Key Points to Include:

  • Concept: The problem is about finding the longest substring in a given string that does not have any repeating characters.
  • Approach: A sliding window technique works well here. You can use two pointers (or indices) to represent the current substring, and a set (or dictionary) to track characters and their positions.
  • Efficiency: The sliding window approach works in O(n) time because each character is processed at most twice (once when added to the window and once when removed).

Sample Answer:

Explanation:

“To solve this problem, we can use the sliding window technique. We’ll maintain a window with two pointers, left and right, that represent the current substring without repeating characters. As we move the right pointer through the string, we’ll check if the character is already in our window (using a set or dictionary). If it is, we’ll move the left pointer to shrink the window until there are no duplicates. The size of the window gives us the length of the substring, and we update the maximum length as we go.”
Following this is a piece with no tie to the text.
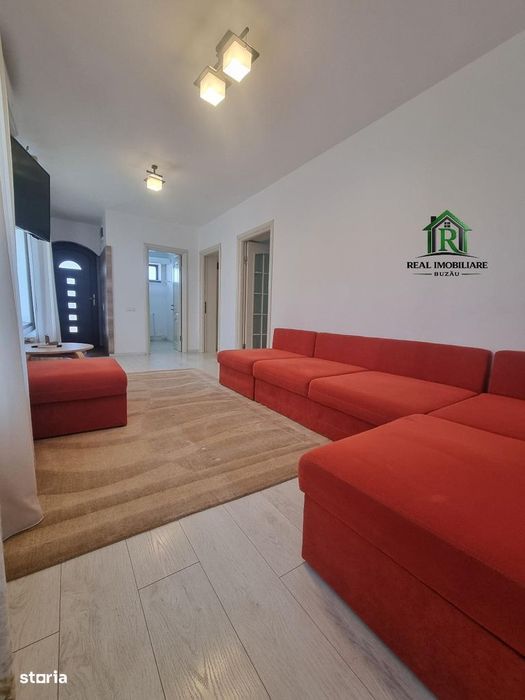 Casa de inchiriat- zona centrala, curte proprie !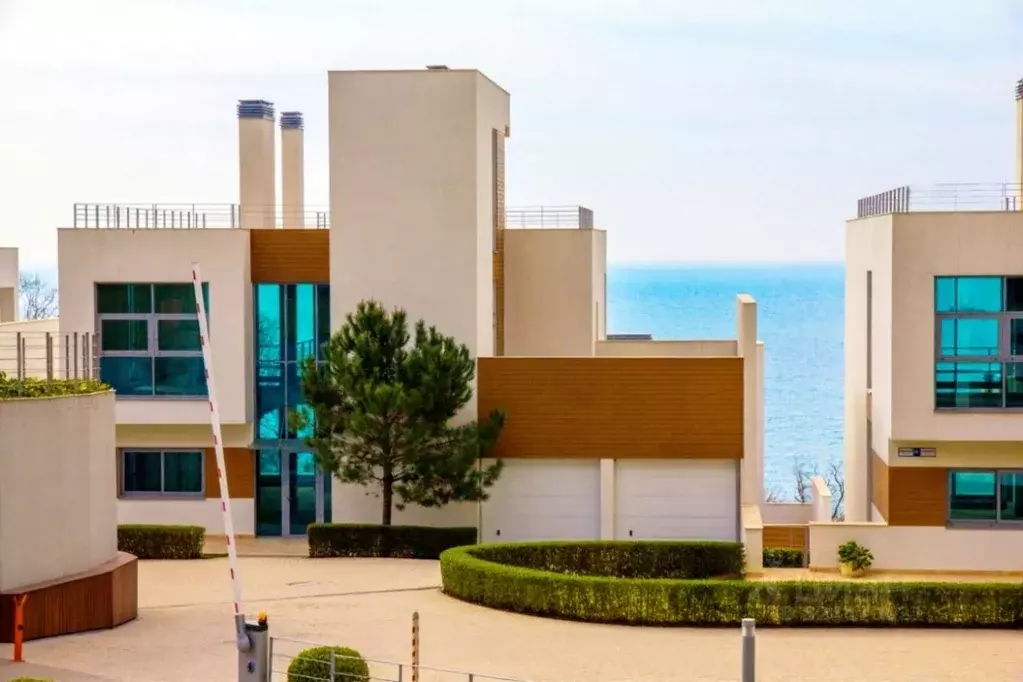 Коттедж в Краснодарский край, Сочи Курортный просп., 105/2 (968 м) - Фото 1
“The time complexity of this approach is O(n), where n is the length of the string, since we only traverse the string once.”

Python Code Snippet:

def longest_substring_without_repeating(s):

    # Dictionary to store the last positions of characters

    char_index = {}

    # Initialize pointers and max length

    left = 0

    max_len = 0

    for right in range(len(s)):

        # If character is already in the window, move the left pointer

        if s[right] in char_index and char_index[s[right]] >= left:

            left = char_index[s[right]] + 1

        # Update the last seen index of the current character

        char_index[s[right]] = right

        # Calculate the length of the current window

        max_len = max(max_len, right – left + 1)

    return max_len

# Example usage:

s = “abcabcbb”

result = longest_substring_without_repeating(s)

print(f”The length of the longest substring without repeating characters is: {result}”)

Explanation of the Code:

  1. char_index is a dictionary that stores the most recent index of each character as we traverse the string.
  2. left and right pointers represent the start and end of the current substring.
  3. If the character at right is already in the substring (i.e., it exists in char_index and its value is within the current window), we update left to shrink the window.
  4. right pointer moves through the string, and at each step, we calculate the length of the current window and update max_len to store the maximum length seen so far.
  5. The final result is the length of the longest substring without repeating characters.

Example Output:

The length of the longest substring without repeating characters is: 3

The longest substring without repeating characters in “abcabcbb” is “abc”, which has a length of 3.

Key Edge Cases:

  • Empty string: Should return 0.
  • String with all unique characters: The whole string is the longest substring.
  • String with all the same character: Longest substring is of length 1.

This approach runs in O(n) time and uses O(min(n, m)) space, where n is the length of the string and m is the number of distinct characters.